Le pape Benoît XVI, le missel latin et les Juifs: un «non possumus»?

par le rabbin Rivon Krygier

Extrait de L’Arche n°598 (mars 2008)


En 1904, Théodore Herzl, qui tentait de faire valoir son idée d’un Foyer national juif, fut reçu au Vatican en audience officielle par le pape Pie X. C’est alors, raconte Herzl dans son Journal, que le pape lui asséna le fameux non possumus («nous ne pouvons»): «Les Juifs n’ont pas reconnu notre Seigneur, par conséquent nous ne pouvons reconnaître la nation juive!» Et d’ajouter que si les Juifs atteignaient en masse les côtes de la Palestine, les églises et les curés de la Terre sainte les attendraient pour les baptiser…

Toutes proportions gardées, le pape Benoît XVI vient-il de ranimer le spectre de la défiance entre Juifs et Chrétiens? C’est ce qu’il y a lieu de craindre, après les récentes précisions apportées par le Souverain Pontife au sujet du libellé de la prière du missel tridentin [1] pour le Vendredi saint.

Rappelons en grandes lignes l’historique de cette prière tristement célèbre. Pendant de nombreux siècles, la liturgie chrétienne du Vendredi saint était celle du pape Pie V (VIIe siècle), elle-même issue du code de Théodose (438). Elle disait en substance: «Dieu Tout-Puissant et éternel, Toi qui n’exclus pas même la perfidie [mécréance] juive de Ta miséricorde, exauce nos prières que nous T’adressons pour l’aveuglement de ce peuple.
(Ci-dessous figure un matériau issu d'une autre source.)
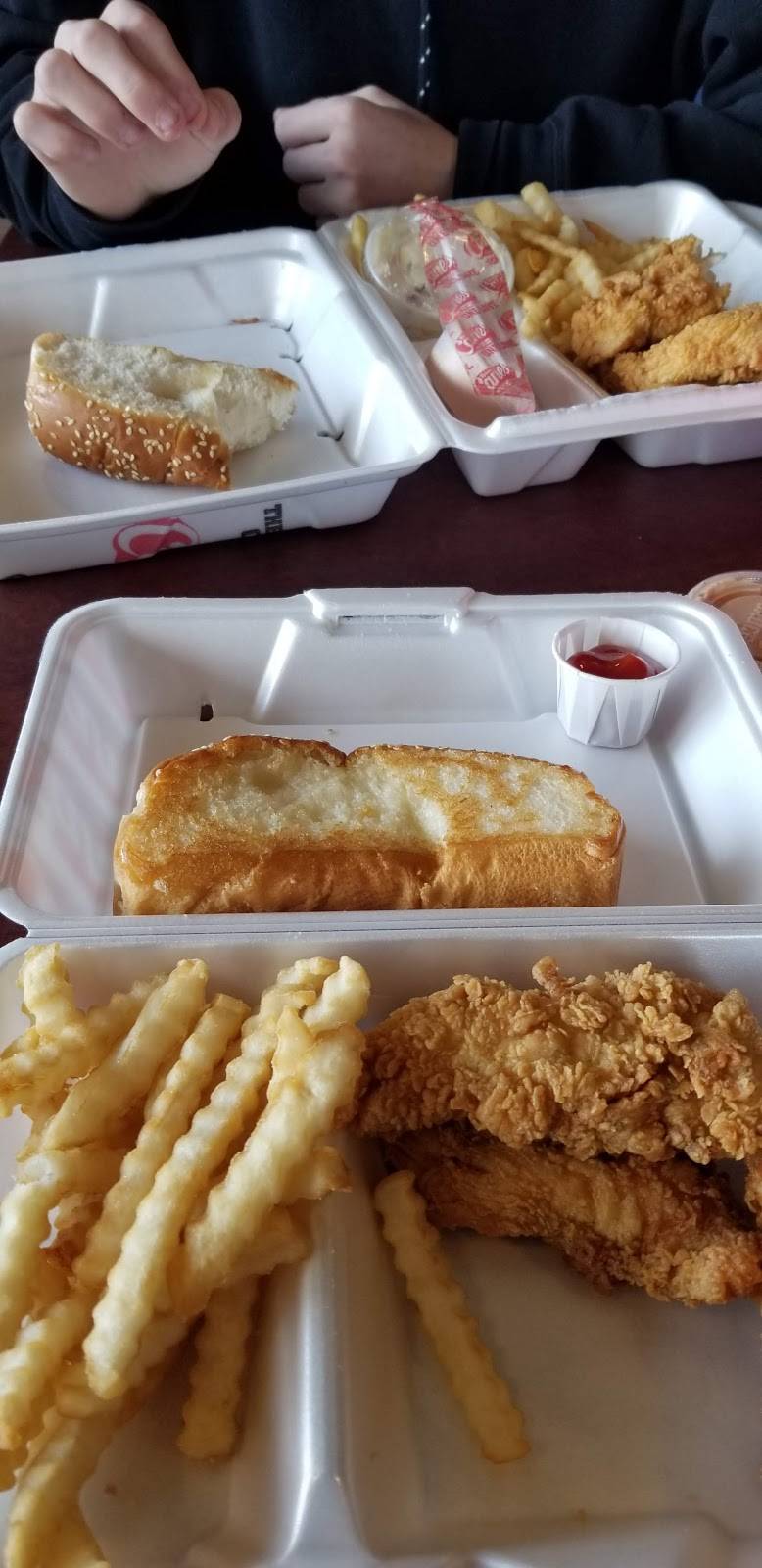Raising Canes Chicken Fingers | meal takeaway | 4384 Indian Ripple Rd, Beavercreek, OH 45440, USA | 9373067833 OR +1 937-306-7833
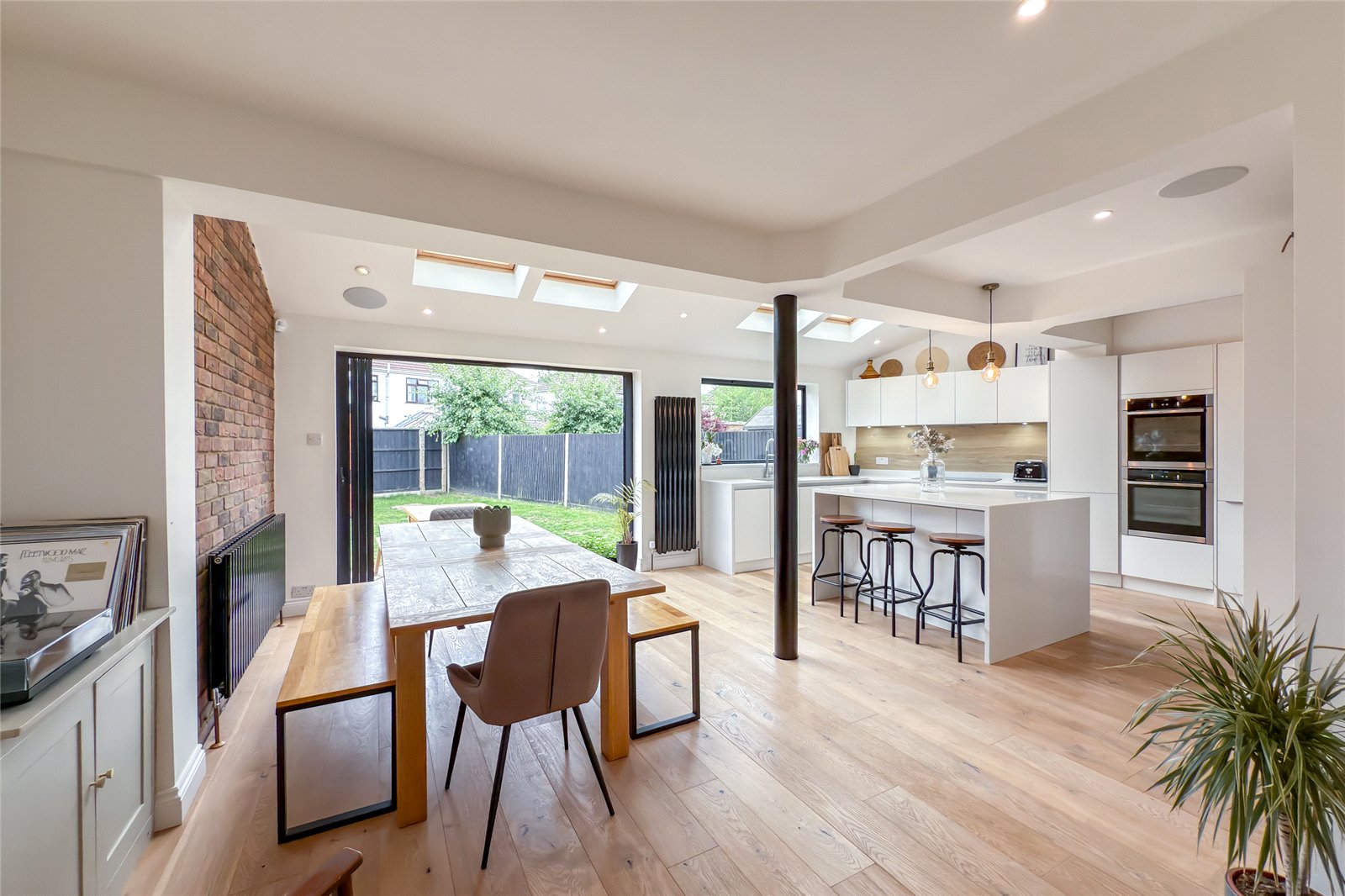 4 bed semi-detached house for sale in Linden Crescent, St. Albans, Hertfordshire, AL1  - Property Image 4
Afin qu’ayant reconnu la lumière de Ta vérité qui est le Christ, ils sortent de leurs ténèbres.»

Il aura fallu attendre le missel de 1962, instauré par le «bon pape» Jean XXIII, pour que la formule commence à s’adoucir: «Prions aussi pour les Juifs. Que le Seigneur notre Dieu fasse resplendir sur eux Sa face afin qu’ils reconnaissent, eux aussi, le Rédempteur de tous les hommes, Jésus-Christ, Notre Seigneur. Prions: Dieu éternel et Tout-Puissant, Toi qui fis alliance avec Abraham et sa descendance, écoute avec bonté les prières de Ton Église. Que le peuple racheté en premier puisse parvenir à la plénitude de la rédemption…» En parallèle, le missel latin de 1962 intercédait «pour les Juifs, afin que Dieu notre Seigneur enlève le voile qui couvre leurs cœurs» et, plus loin, les Juifs étaient encore qualifiés de «peuple aveugle».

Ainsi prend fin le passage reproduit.